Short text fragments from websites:
• • • • • • •
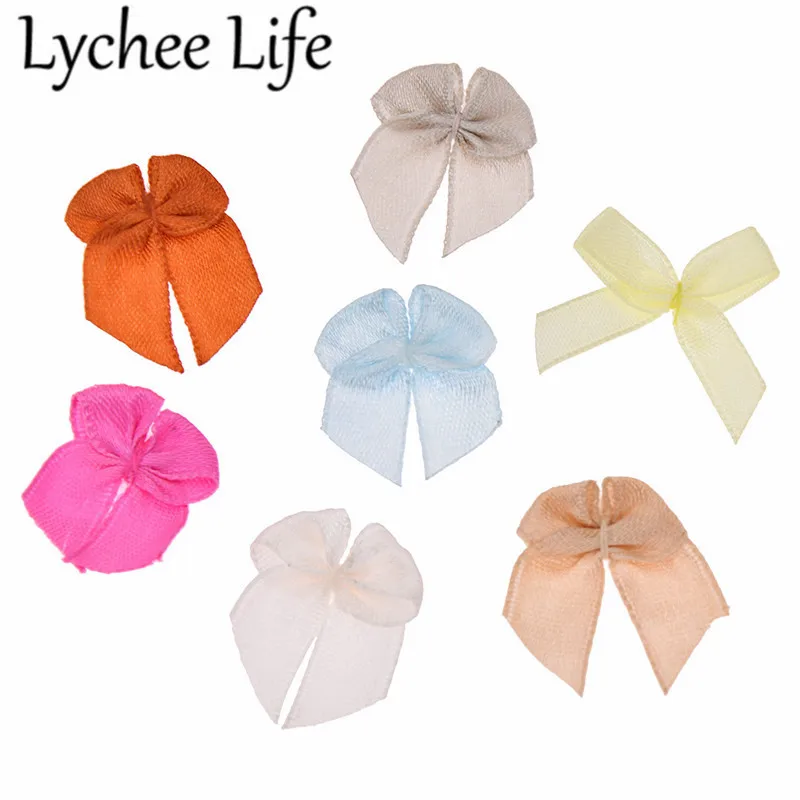 Lychee Life 72 шт. атласная мини-лента с бантом однотонная шелковая лента украшение для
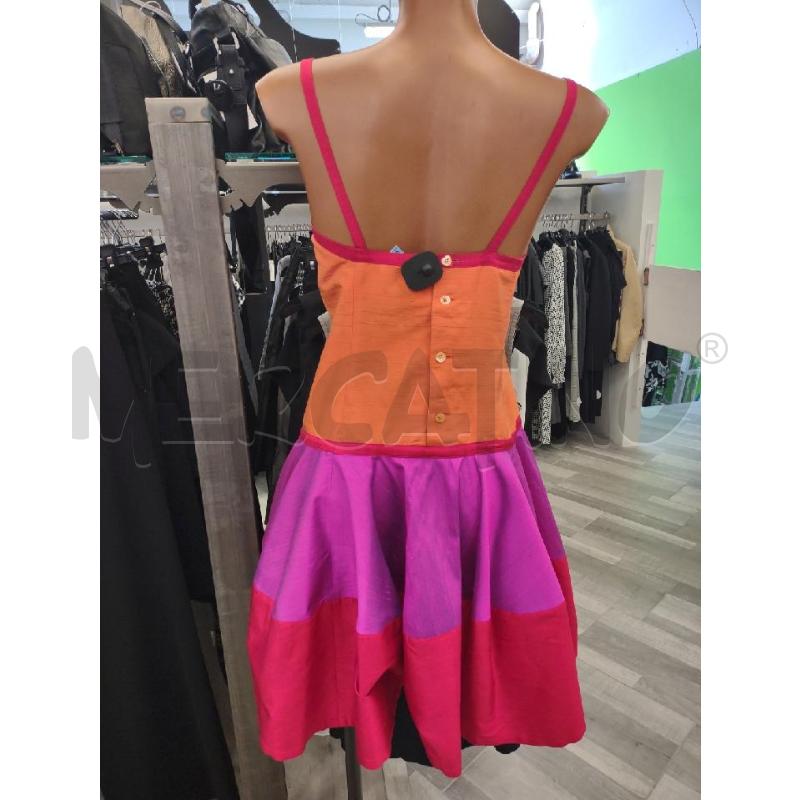 VESTITO+COPRI SPALLE YVES SAINT LAUREN ARANCIO FUCSIA ROSSO  | Mercatino dell'Usato Settimo torinese 3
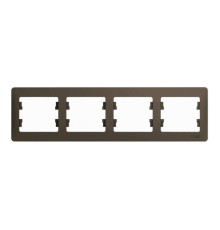 Рамка 4 поста Systeme Electric GLOSSA, горизонтальная, шоколад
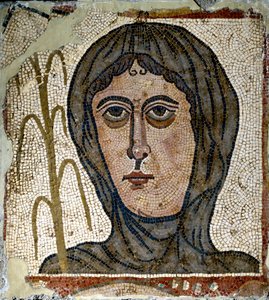 Romersk konst: allegori om vintern som en kvinna som bär slöja. Mosaik från 400-talet. Från Quintana del Marco (Leon) Spanien Madrid, Arkeologiska museet av Roman Roman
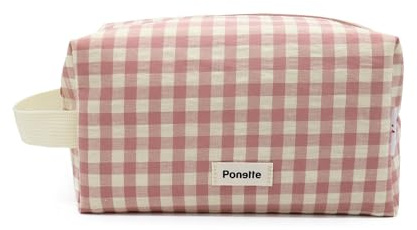 Ponette - Neceser Mujer, Bolsa de Aseo y Viaje, Neceser de Maquillaje y Playa 21x12x10,5 cm - Marca Española - Rosa y Crudo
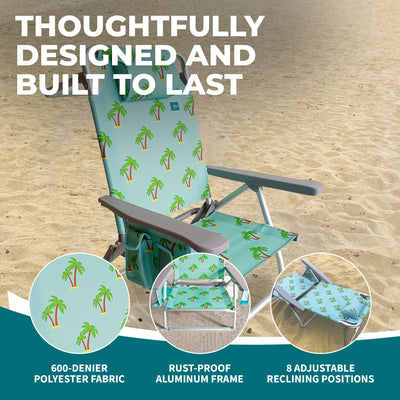 Bliss Hammocks Folding Beach Chair, Backpack Recliner with Towel Rack, Palm Tree - VMInnovations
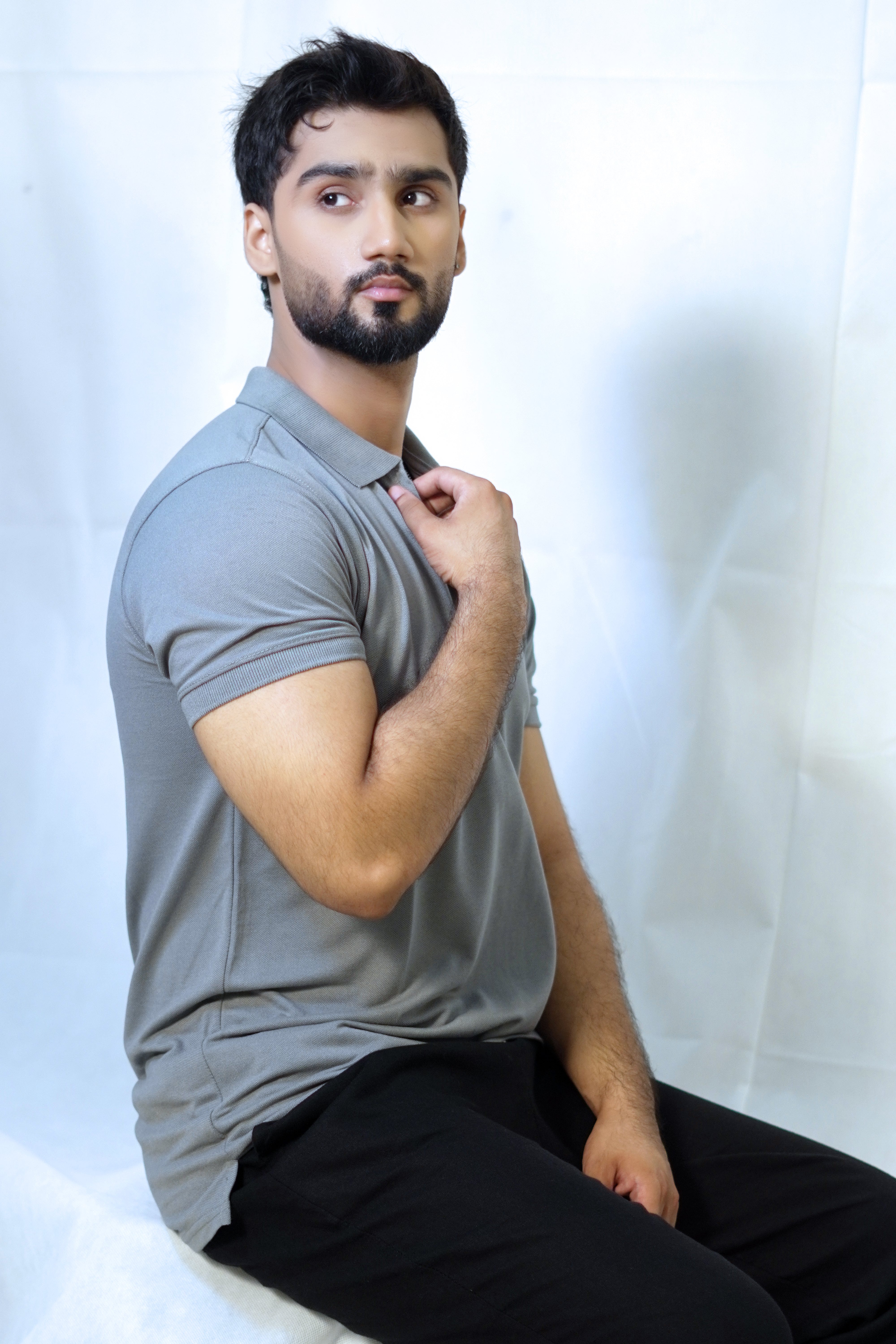Zipper Logo Polo - Grey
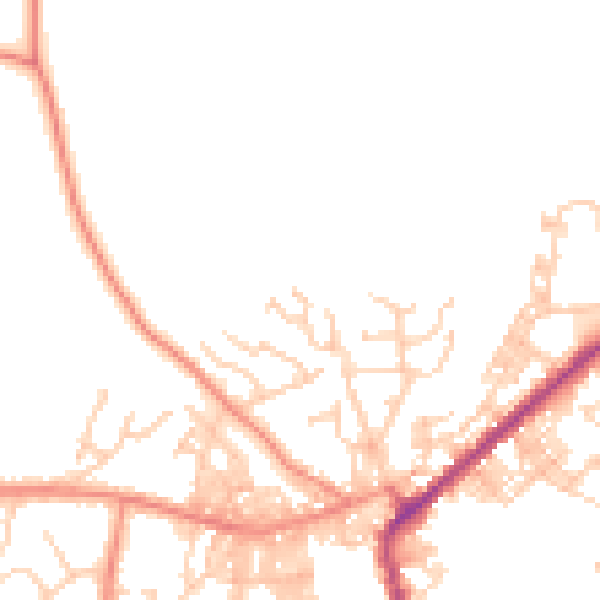 Daytime road noise heatmap for BD20 9NY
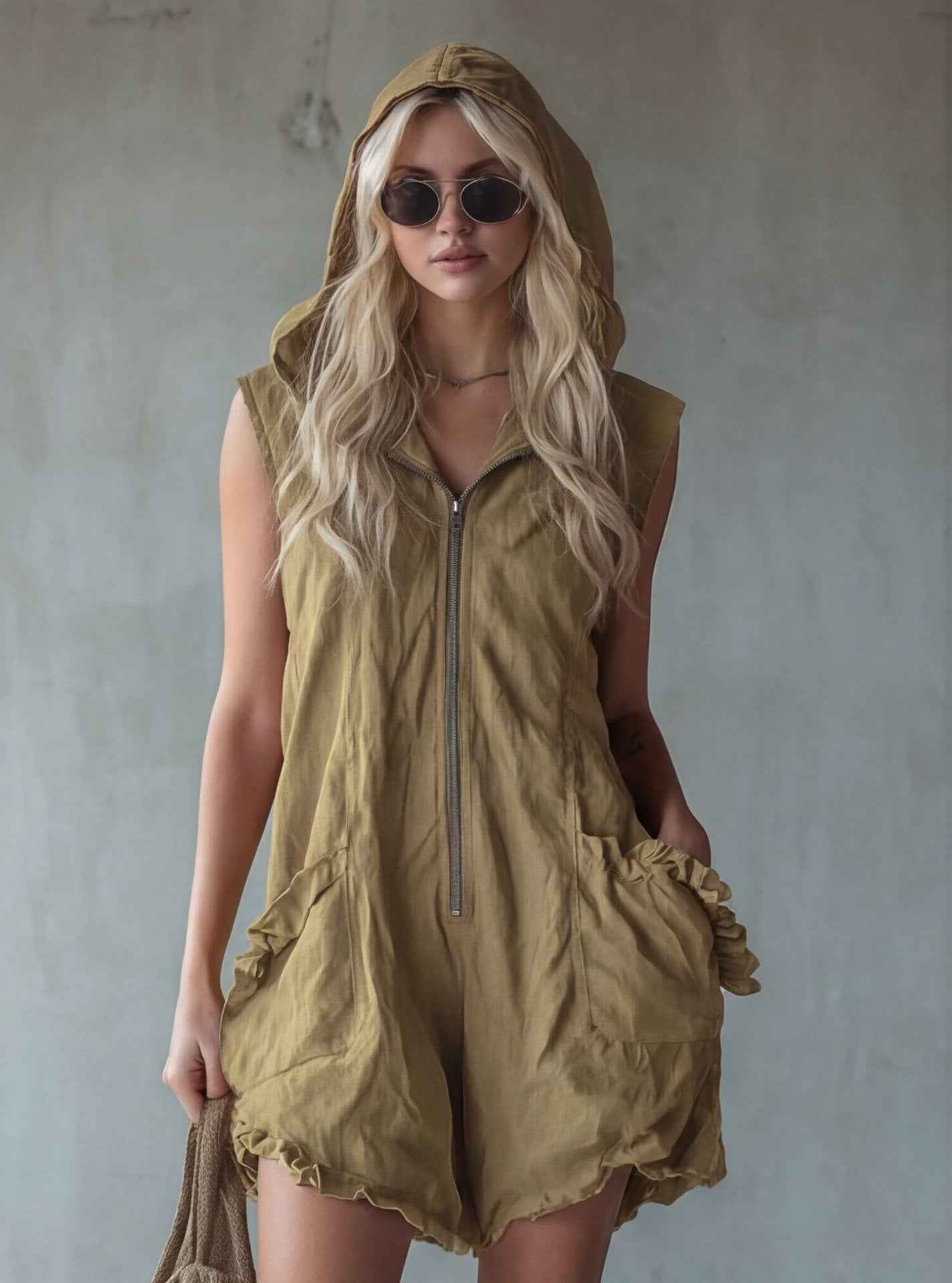 Retro-style Hooded Zip-up Sleeveless Cropped Cotton-linen Jumpsuit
• • • • • • •
**INSTRUCTIONS TO FOLLOW**
With the pictures dropped, write out all of the entries word for word.

**OUTPUT**
 Lychee Life 72 шт. атласная мини-лента с бантом однотонная шелковая лента украшение для
 VESTITO+COPRI SPALLE YVES SAINT LAUREN ARANCIO FUCSIA ROSSO  | Mercatino dell'Usato Settimo torinese 3
 Рамка 4 поста Systeme Electric GLOSSA, горизонтальная, шоколад
 Romersk konst: allegori om vintern som en kvinna som bär slöja. Mosaik från 400-talet. Från Quintana del Marco (Leon) Spanien Madrid, Arkeologiska museet av Roman Roman
 Ponette - Neceser Mujer, Bolsa de Aseo y Viaje, Neceser de Maquillaje y Playa 21x12x10,5 cm - Marca Española - Rosa y Crudo
 Bliss Hammocks Folding Beach Chair, Backpack Recliner with Towel Rack, Palm Tree - VMInnovations
Zipper Logo Polo - Grey
 Daytime road noise heatmap for BD20 9NY
 Retro-style Hooded Zip-up Sleeveless Cropped Cotton-linen Jumpsuit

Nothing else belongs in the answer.